With all the moving and packing and painting our new home, this gift could not have come at a more perfect time in my life. I’m talking about Blue Apron. Have you tried it yet? It’s a weekly food delivery service that makes cooking food both fun and easy. And no, I’m not getting paid to rave about this service. Thanks to my wonderful mother-in-law, I just had my first meal tonight. And I loved it so much that I thought I would share the recipe (so I can make it again and again and again!)
I loved the unique pairings of goat cheese and serrano pepper with the side of cold zucchini slaw, (the slaw is whole30 and paleo) I’ve actually never had zucchini cold, but it was pretty mind blowing. The marinade was the perfect compliment to the seasonal vegetable. I will definitely be making that salad again. It was easy peasy.
Read what Blue Apron had to say about this meal:
For these satisfying burgers, we’re taming the heat of our serrano pepper with a marinade of light, sweet agave nectar, made from the sap of the Mexican agave plant. Tangy goat cheese and a two-in-one spread of Dijon mustard and mayonnaise perfectly balance the juicy beef-served with a bright garlicky slaw of seasonal zucchini.

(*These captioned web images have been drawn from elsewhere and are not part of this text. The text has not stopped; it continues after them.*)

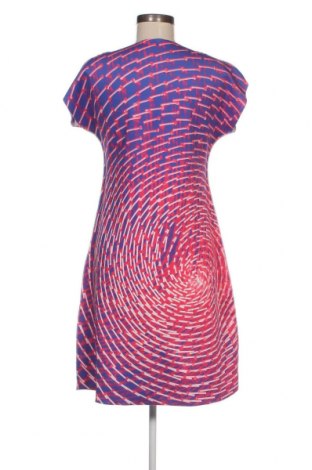 Φόρεμα Animapop, Μέγεθος L, Χρώμα Πολύχρωμο, Τιμή 39,96 €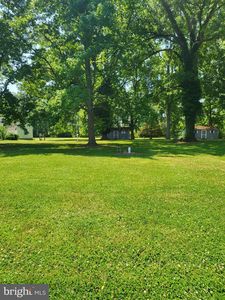 0 Fairmount Rd, Upper Fairmount, MD, 21867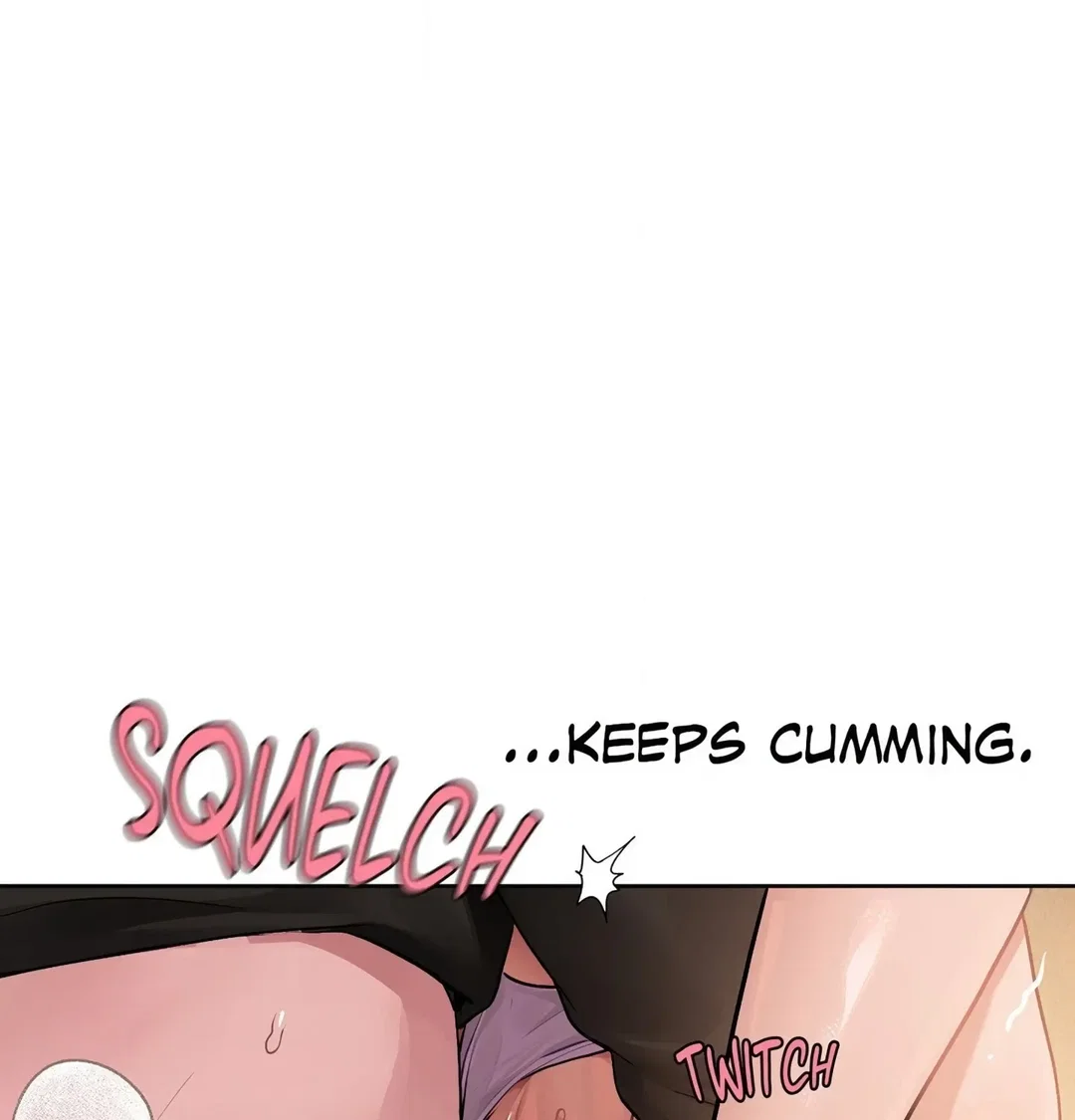 Chapter 14 - Image 9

I was thinking that if you wanted to clean things up, just a bit more, it would be super easy to ditch the potato buns and swap them for a sweet potato bun or an eggplant bun, or really any vegetable of your choice. But I will admit, that burger is pretty much perfect just the way it is. Your choice!
I’d love for you to give it a try and come back and let me know what you think! Do you think you’d ever give Blue Apron a try? Leave me a comment and we’ll chat!
Serrano Pepper & Goat Cheese Burger with Zucchini Cilantro Slaw
Makes: 2 Servings | Calories: 645 per serving
Prep Time: 10 min | Cook Time: 15-25 minutes

Ingredients
- 10 Ounces Ground Beef
- 2 Potato Buns
- 1 Clove Garlic
- 1 Zucchini
- 1 Bunch Cilantro
- 2 Tablespoons Dijonnaise
- 2 Teaspoons Agave Nectar
- 1 Tablespoon Sherry Vinegar
- 1 Serrano Pepper
- 1/4 Cup Crumbled Goat Cheese
Instructions
- Prepare the ingredients: Wash and dry the fresh produce. Halve the buns. Cut off and discard the ends of the zucchini; slice lengthwise into 1/4-inch-thick strips. Peel and mince the garlic; using the flat side of your knife, smash until it resembles a paste (or use a zester). Roughly chop the cilantro leaves and stems. Cut off and discard the stem end of the pepper. Thinly slice the pepper into rounds; thoroughly wash your hands immediately after handling the pepper. (For a milder dish, halve the pepper lengthwise; remove and discard the ribs and seeds, then thinly slice crosswise.)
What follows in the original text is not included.